胤祥说着说着,脸色也难看起来了。胤禛黑沉着脸压低了声音:“今儿晚上叫了那些人来喝酒,明天咱们亲自去开仓,若是没粮食,那就募捐。”
正说着话,就听见前面传来吵吵嚷嚷的声音。原本两个人是不太在意的,却是听见有人喊道:“城东有人布施了,熬的浓浓的粥,筷子扎进去也不会倒,大家款曲啊!”
胤祥略有些诧异:“这会儿布施?也未免太巧了点儿吧?”
“巧不巧的,只要能让百姓们喝上粥,也算是有心了。”胤禛说道,摆摆手招呼了侍卫:“去看看是谁家的。”
侍卫应了一声,这边街上的人,也一转眼几乎全跑走了。胤禛正要再说句什么,却见街口有人行色匆匆的抱着包裹过来,压低了声音问道:“可是四贝勒?”
胤禛身后的侍卫立马就围了过来,那人知道自己是找对了,立马将手里的包裹放在地上:“还请四贝勒为民做主!”

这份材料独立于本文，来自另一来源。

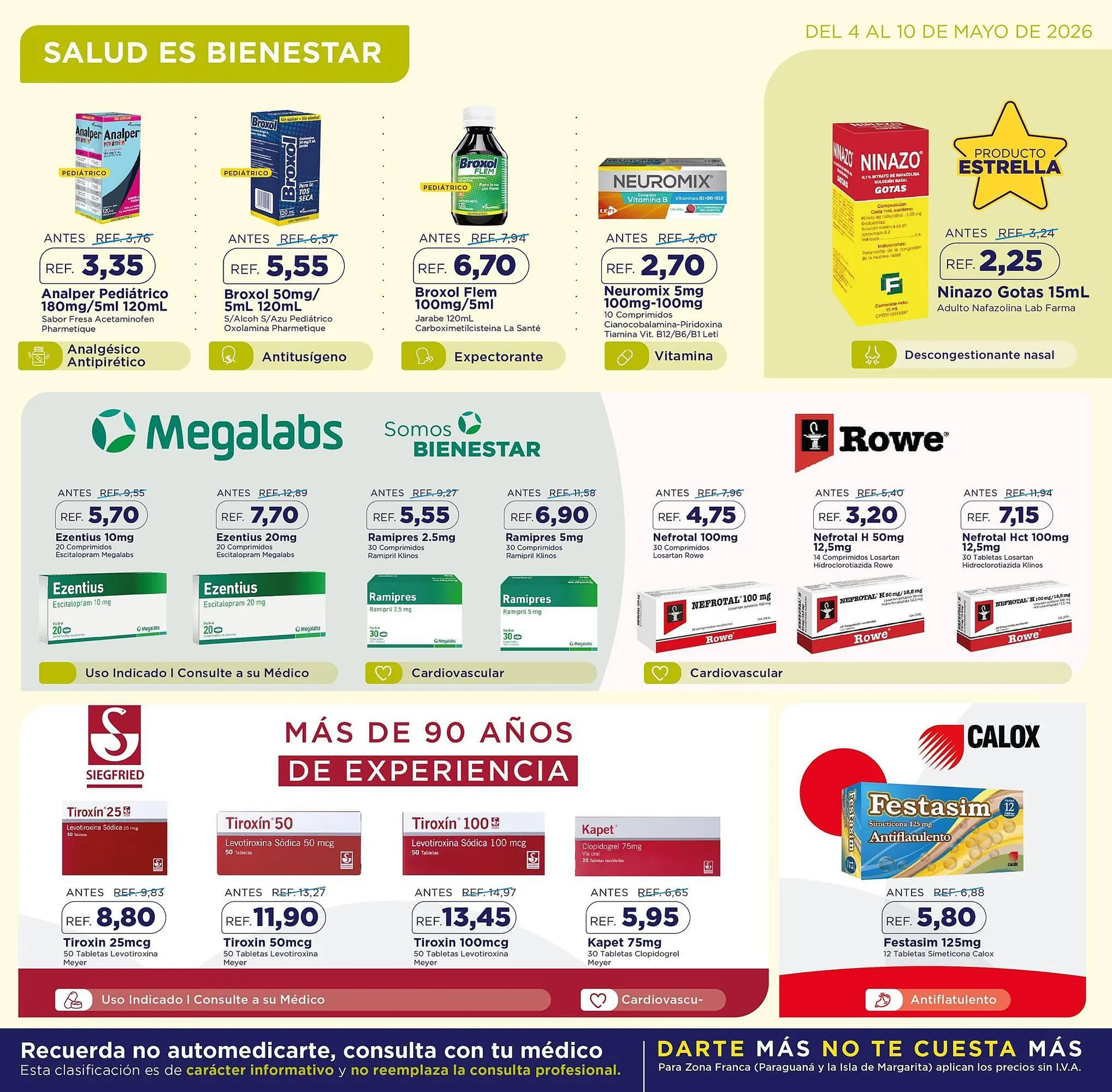 Catalogo de Catálogo FarmaTodo 4 de mayo al 10 de mayo 2026 - Pag 9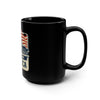 Vintage Pickup Truck America Mug | Black 15oz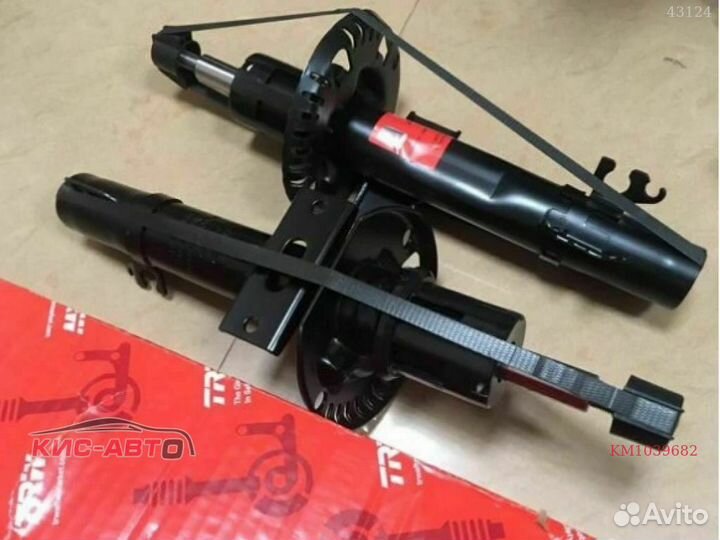 Амортизатор TRW Polo; A1 8X; A2; Fabia; Ibiza; Fabia; Rapid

说完,不等那些侍卫反应过来,掏出来一把匕首,反手在自己脖子上抹了一刀,瞬间人就倒下了。
胤祥到底年纪小,脸色立马就变了:“四哥!”
“快些回去!”胤禛迅速说道,自有侍卫上前抱了那包裹,急匆匆的护着胤禛和胤祥回去。
兄弟俩先找人检查了这包裹,这才让人到外面去守着。
“四哥,这事儿……”翻看完,胤祥脸色有些复杂,停顿了一会儿才略有些艰难的问道:“真的和太子有关?”
胤禛并不答话,只看着面前放着的账本。
今儿他和胤祥出门这事儿,是临时起意,谁也没说。却还是半路被人撞了上来,塞了个包裹,那人就直接自尽了。怕是他们这周围,也早早被人监视起来了。那人既送了东西过来,就没想着要活着回去。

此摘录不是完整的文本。